セッション記号 M (領域外・複数領域) » M-IS ジョイント

[M-IS02] [EE] 火山噴煙・積乱雲のモデリングとリモートセンシング

2017年5月24日(水) 17:15 〜 18:30 ポスター会場 (国際展示場 7ホール)

[MIS02-P06] 桜島火山近傍LIDAR観測による火山噴出物の散乱特性

*日向 洋1井口 正人2鍵山 恒臣1 (1.京都大学大学院理学研究科、2.京都大学防災研究所附属火山活動研究センター)

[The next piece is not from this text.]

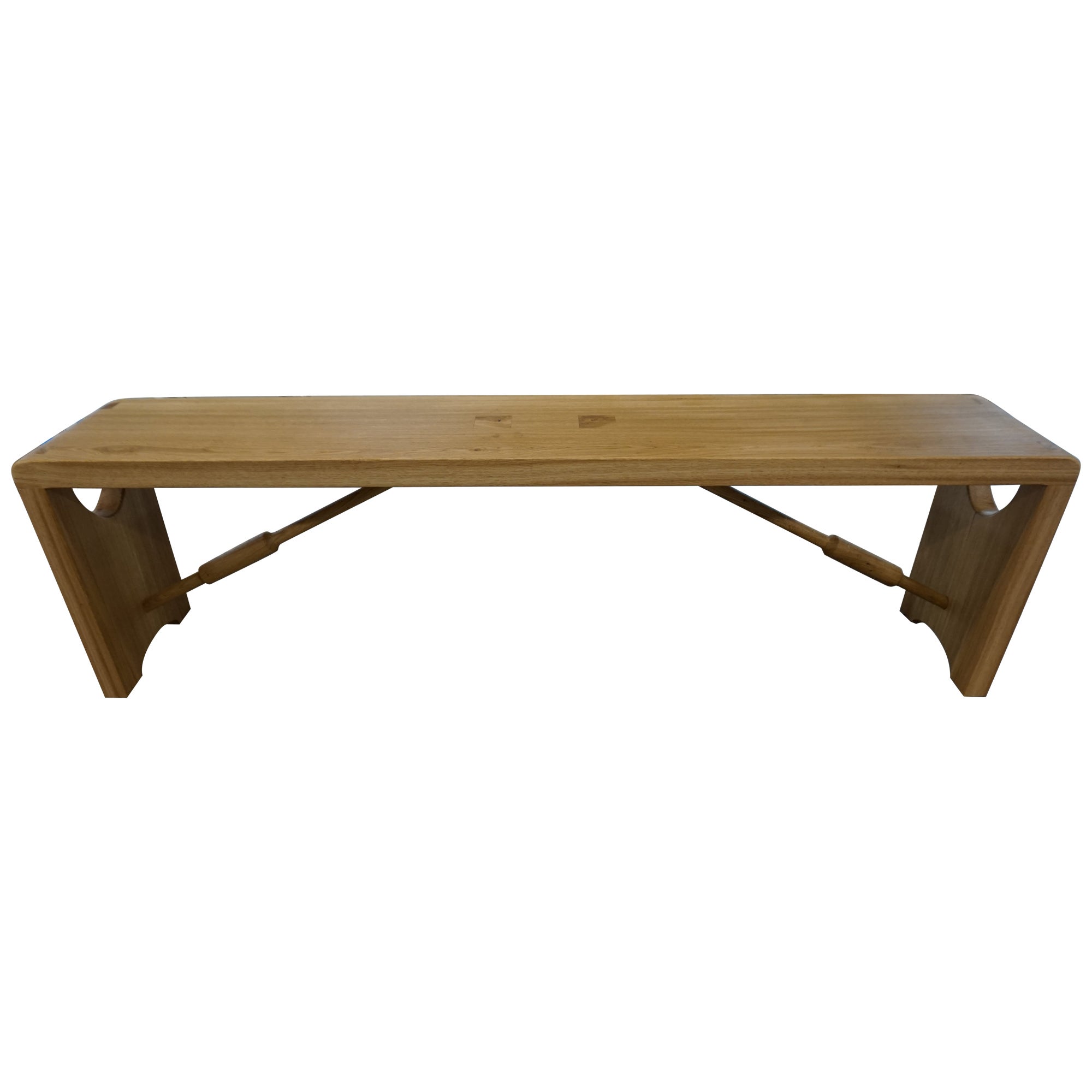 A hand made oak bench perfect for an entryway or to accompany a dining table. Curved corners reveal hand cut dovetail joints for joining the legs to the seat and two elegant spindles stabilise the structure. We wanted to highlight the natural aspect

キーワード:Volcanic smoke colored white, Volcanic smoke include volcanic ash, LIDAR, Backscattering intensity, Depolarization ratio, Sakurajima Volcano

火山から遠方に設置されたLIDAR (Light detection and Ranging) によって噴火後に大気中を浮遊している火山灰が観測され, 粒子によるレーザー光の散乱を示す散乱強度や粒子の非球形度を示す偏光解消度について議論されてきた (例えば, Sassen et al., 2007). 本研究では, 2009年以降, 火山噴火が多発する桜島火山の昭和火口の上空を対象としてLIDAR観測を行い, 火山灰を含む噴煙および白色噴煙の散乱強度と偏光解消度の時間変化および空間分布を明らかにした.
白色噴煙は偏光解消度の最頻値が火口上空において0.05~0.10と雲と同様の値となったことから,水滴からなることが確かめられた. 散乱強度は火口周辺で最大値となり, 移流される方向に離れていくにしたがって, 低下するが, 偏光解消度は増加した. 水滴の蒸発速度を求め, 乾燥した大気との接触により火口上空では多かった水滴が蒸発し, 非球形粒子の火山灰粒子の割合が相対的に高くなっていったと推定した.
一方, 爆発時に放出された火山灰を含む噴煙の偏光解消度は最頻値が0.40~0.45と, 雲および白色噴煙と比較して大きくなった. 特に, 爆発噴火発生直後の火口上空では最大0.72の偏光解消度が得られた. この高い偏光解消度は火口から離れると, 急激に低下し, 0.45~0.50の値に収束した. 火口上空は非球形粒子である火山灰濃度が高く, 高い偏光解消度が得られたものと考えられる. 一方, その低下については, 火山灰粒子の拡散および落下による火山灰粒子の濃度の減少や, 噴煙上昇に伴う上昇気流または噴煙の冷却により生成された水滴の混入がその原因と推測できる.